__Collected material__.
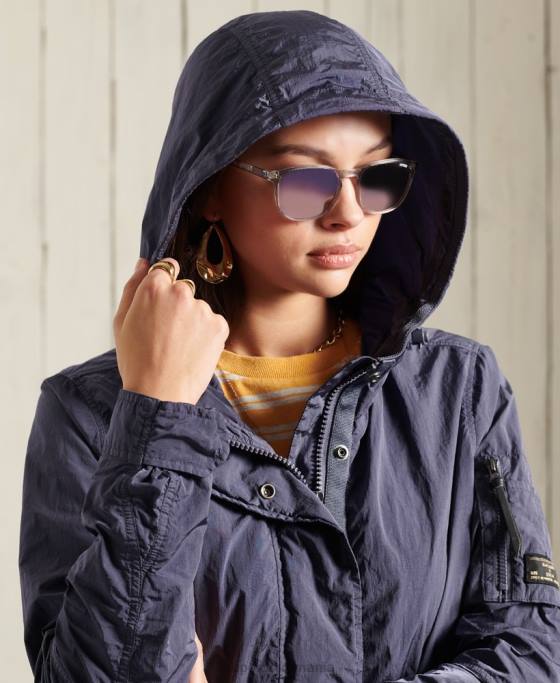 Superdry parka militară îmbrăcăminte albastru inchis femei JX0Z5707
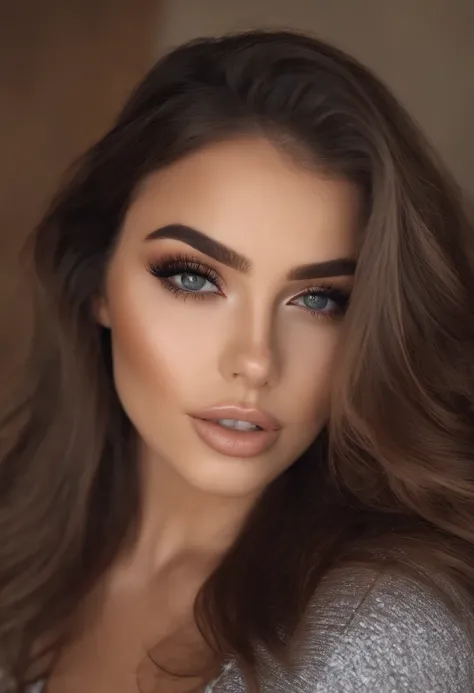 Arafed Mujer totalmente , Chica sexy con ojos marrones, ultra realista, meticulosamente detallado, Retrato Sophie Mudd, brown hair and large eyes, selfie de una mujer joven, Ojos de Dubai, Violeta Myers, sin maquillaje, Maquillaje natural, staring directly...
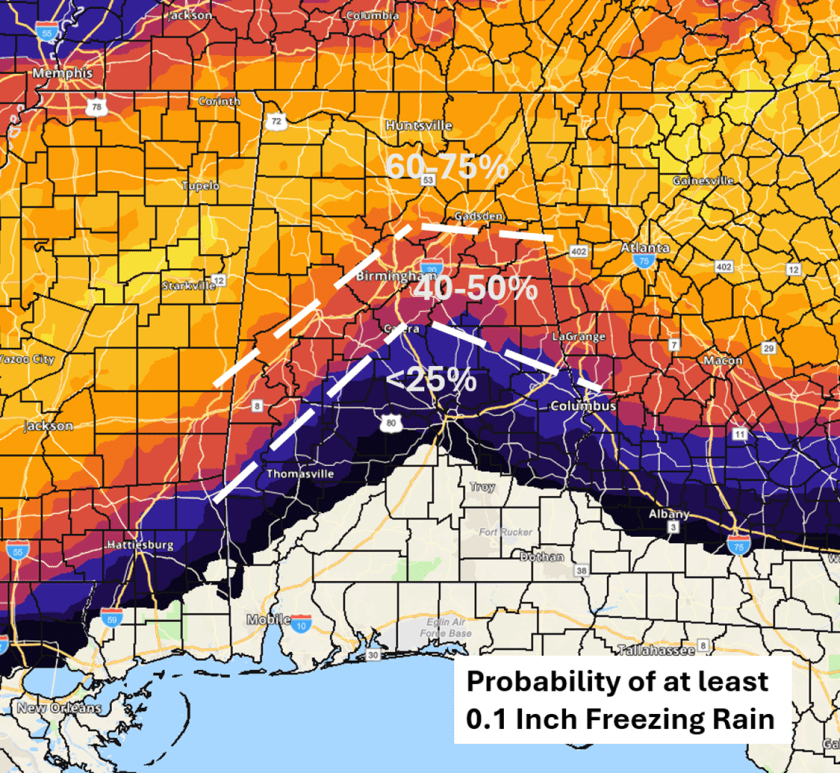 Map showing the probability of at least 0.1 inch of freezing rain across the southeastern United States, with color-coded ranges indicating likelihood percentages.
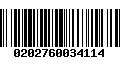 Código de Barras 0202760034114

__Your task__. Could you write out the whole listing exactly, dropping the pictures?

__Task response__.
 Superdry parka militară îmbrăcăminte albastru inchis femei JX0Z5707
 Arafed Mujer totalmente , Chica sexy con ojos marrones, ultra realista, meticulosamente detallado, Retrato Sophie Mudd, brown hair and large eyes, selfie de una mujer joven, Ojos de Dubai, Violeta Myers, sin maquillaje, Maquillaje natural, staring directly...
 Map showing the probability of at least 0.1 inch of freezing rain across the southeastern United States, with color-coded ranges indicating likelihood percentages.
 Código de Barras 0202760034114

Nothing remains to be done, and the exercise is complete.